Where do they get it…

Sophie’s in school, if I haven’t said anything about that already. She’s attending the Goddard School in our neighborhood four days a week. So far, we’re thrilled about the experience. Sophie loves it, she’s making some good little friends and the program brings the world to her, right in the playground: everything from the Oregon Zoo’s petting zoo program to the Children’s Museum.

Each week, the kids work on one letter of the alphabet. They write it, the bring things to school that begin with that letter, etc, then they bring homework that consists of tracing pages full of dashed glyphs of that letter for them to trace.

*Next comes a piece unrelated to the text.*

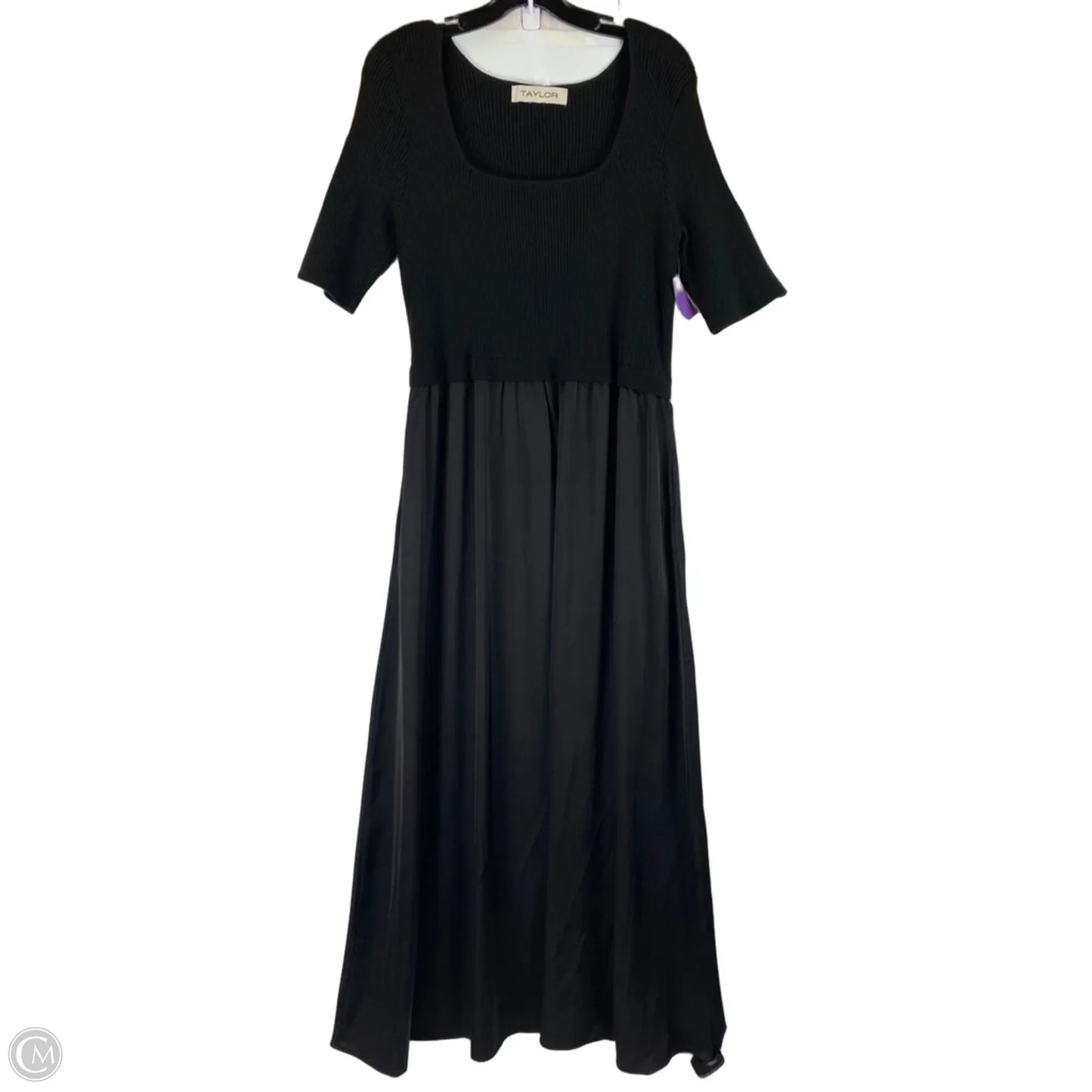 Dress Party Long By Taylor In Black, Size: Xl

Now, I wasn’t a homework kid. I didn’t like doing it, for just about any subject, and when I did do it, I’d be listening to music, watching the tube, whatever. Sophie, on the other hand, loves it. She comes home and will sit for hours tracing, drawing, painting her letters. She uses the words over and over again in muted conversations with herself. She, unlike me, is a homework kid.

Of course, the punchline here is that Kira really is a homework kid. Anyone who knows her could figure that out — she’s the studious type. I’ve lived with that as an assumption for months, thankful that Sophie didn’t pick up my habits. I was OK with all of this. Then, fate gave me the most wonderful gift: a snapshot of DNA that directly traces Sophie’s budding alphabet interests to her mother’s own nerdery in crisp, typed, serif. What follows is an excerpt from the Colorado Springs Montessori School Annual Child Evaluation of Kira Lee, age 4.3, May 15, 1977.

Language

Kira’s speech and vocabulary are well-developed. She is an enthusiastic participant in language enrichment lessons, thus continuously increasing her vocabulary. Kira sounds and fuses letters easily for word making. She spontaneously can say most 3-5 letter phonetic words after sounding them once, and is beginning non-phonetic word exercises also. It seems as if Kira cannon practice writing enough. She is forming her letters well and loves writing one child’s name after another. She is also practicing writing groups of words. Often, this work fills most of the morning.

Mathematics

Next to reading and writing, her greatest interests of the moment, Kira spends the most part of her time with counting work. Presently, Kira is working on counting to 100 by 1′s and 10′s, and recognizing all the written symbols. She is ready to start counting by 2′s, 3′s, 4′s, etc., and to be introduced to the decimal system, and the process of addition.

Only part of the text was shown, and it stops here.